User-Defined Function API  9.0
 All Classes Functions Typedefs Enumerations Enumerator
marklogic::LexerUDF Class Referenceabstract

Encapsulation of a User Defined Function for performing tokenization of text runs. More...

#include <MarkLogic.h>

Public Member Functions

virtual void  close ()=0
  Release a LexerUDF instance. More...
 
virtual bool  isStale () const =0
  Return true if the LexerUDF instance can no longer be reused. More...
 
virtual void  initialize (const char *lang, int argc, const char **argv, Reporter &r)=0
  Initialize a lexer. This method is called once after the lexer is constructed. More...
 
virtual void  reset (const CodePoint *cp, unsigned sz, Reporter &r)=0
  Initiate a new tokenization episode on a new text run. More...
 
virtual void  finish (Reporter &r)=0
  Clean up from tokenizing a text run. More...
 
virtual bool  next (Reporter &r)=0
  Advance to the next token. Return true if the is another token to fetch. More...
 
virtual const Token token () const =0
  Return the current token. More...
 

Protected Member Functions

  LexerUDF (unsigned version=MARKLOGIC_API_VERSION)
  Construct an object compatible with a specific MarkLogic Native Plugin API version. More...
 

Detailed Description

Encapsulation of a User Defined Function for performing tokenization of text runs.

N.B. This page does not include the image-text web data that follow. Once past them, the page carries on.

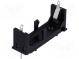 Holder  Leads  soldering lugs  Size  AA,R6  Batt.no  1  UL94V-0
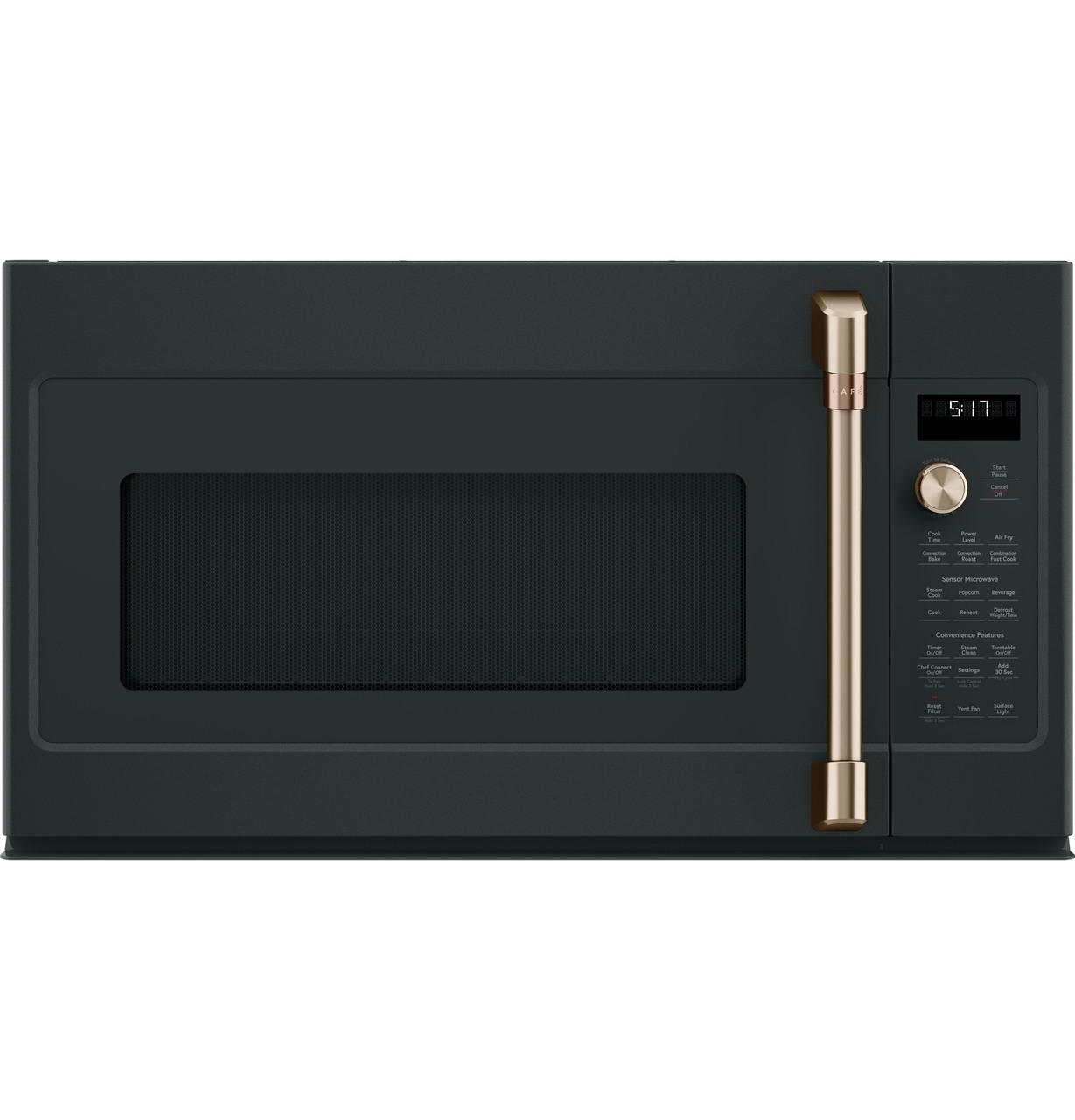 Cafe CAFÉ™ 1.7 Cu. Ft. Convection Over-the-Range Microwave Oven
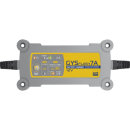 Batterieladegerät GYSFLASH 7A  automatisch 12 V  Säure oder Gel- Batterien  für Autos, Campingwagen, Lieferwagen, Boote etc.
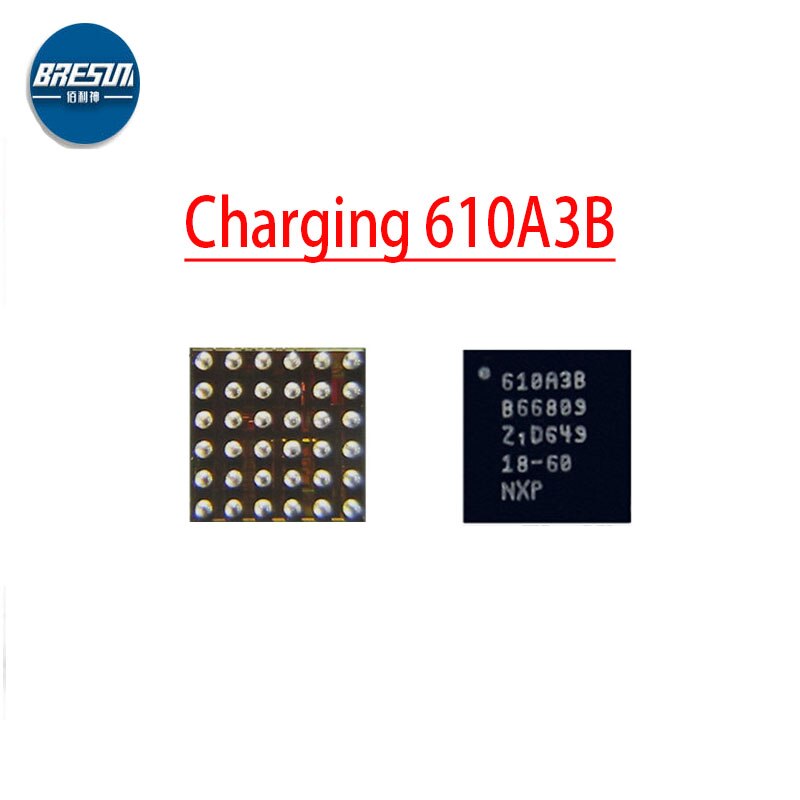 Original U2 IC new7G 7Plus charging IC 610A3B universal USB charging IC U2 IC Shopee Philippines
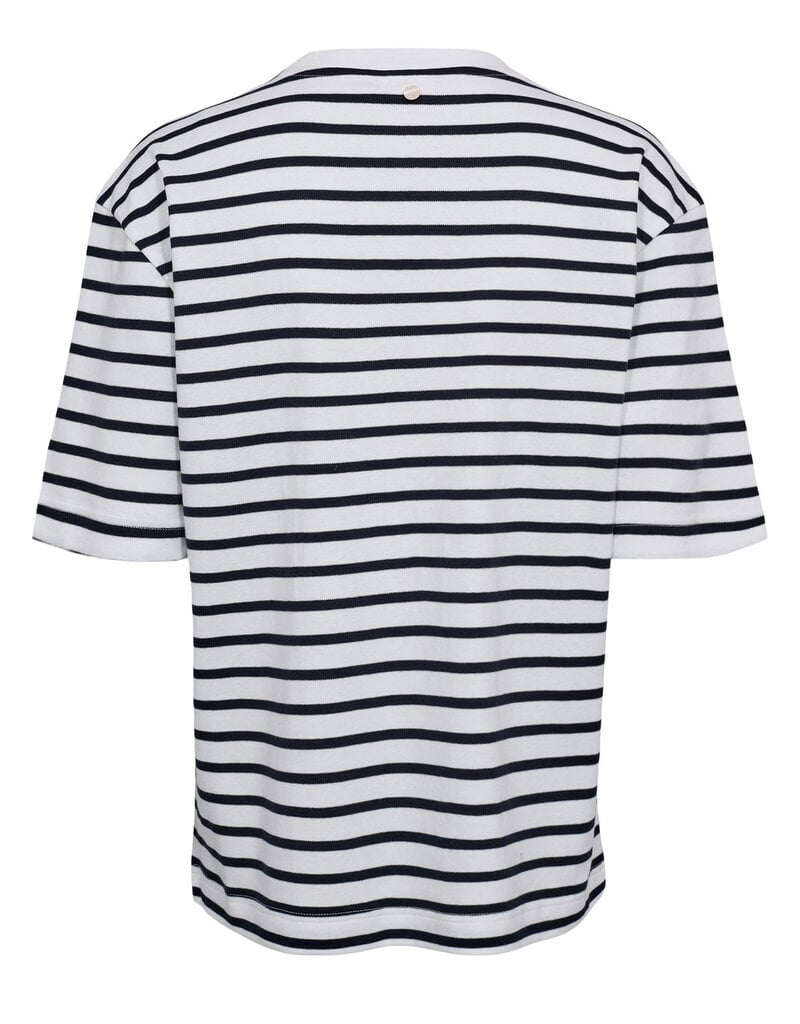 NUHira Stripe T-Shirt
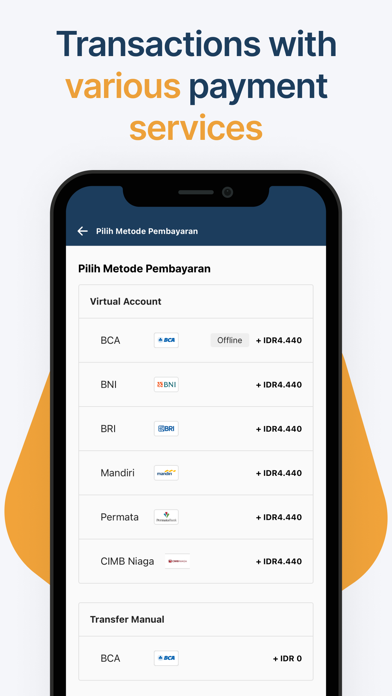 Get&Ride: Car Rental Screenshot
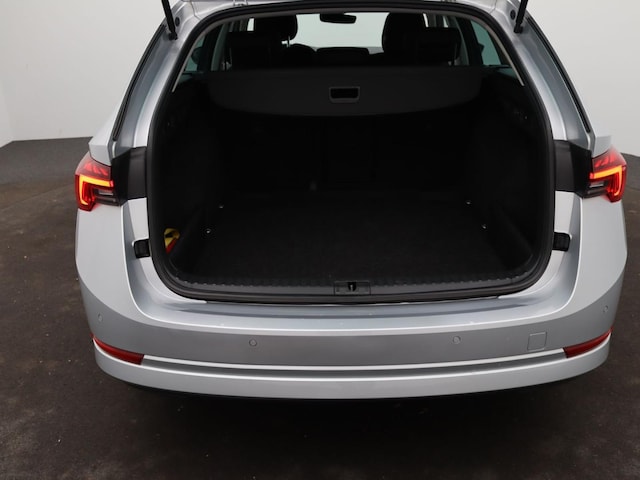 Skoda Octavia 2.0 TDI Combi Style Style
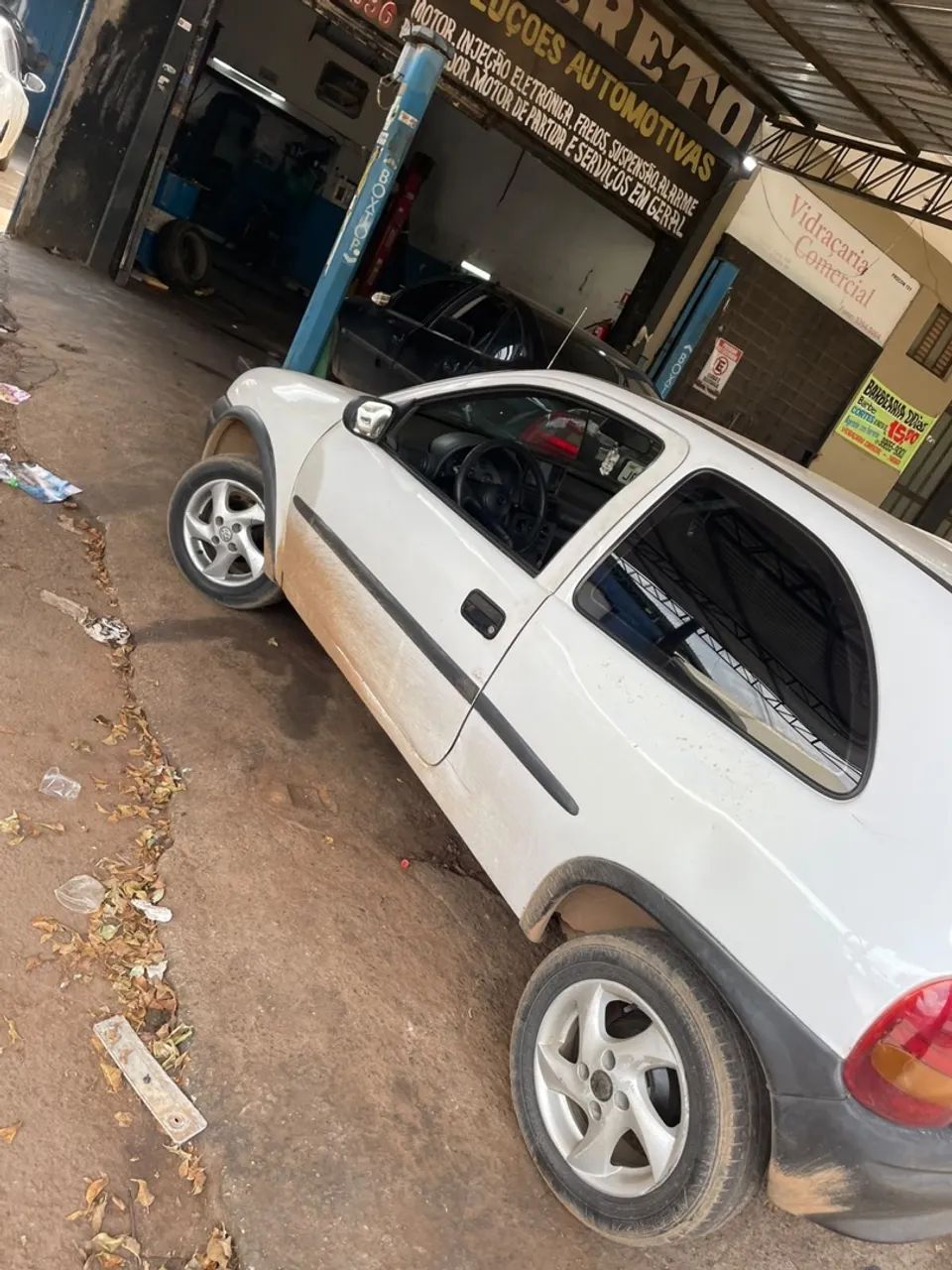 Chevrolet Corsa Wind 1.0 MPFI / EFI 2P (álcool) 1997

You must implement a subclass of this class.

When you install a subclass of LexerUDF as a native plugin, MarkLogic servers can apply your algorithm to perform tokenization of a text run. To activate your tokenization algorithm for a particular language, you will need to apply the appropriate language customization configuration.

Your tokenization algorithm will be applied automatically when content in the configured language is loaded into the database or searched. You can also see the effect of your algorithm from XQuery (cts:tokenize) or JavaScript (cts.tokenize).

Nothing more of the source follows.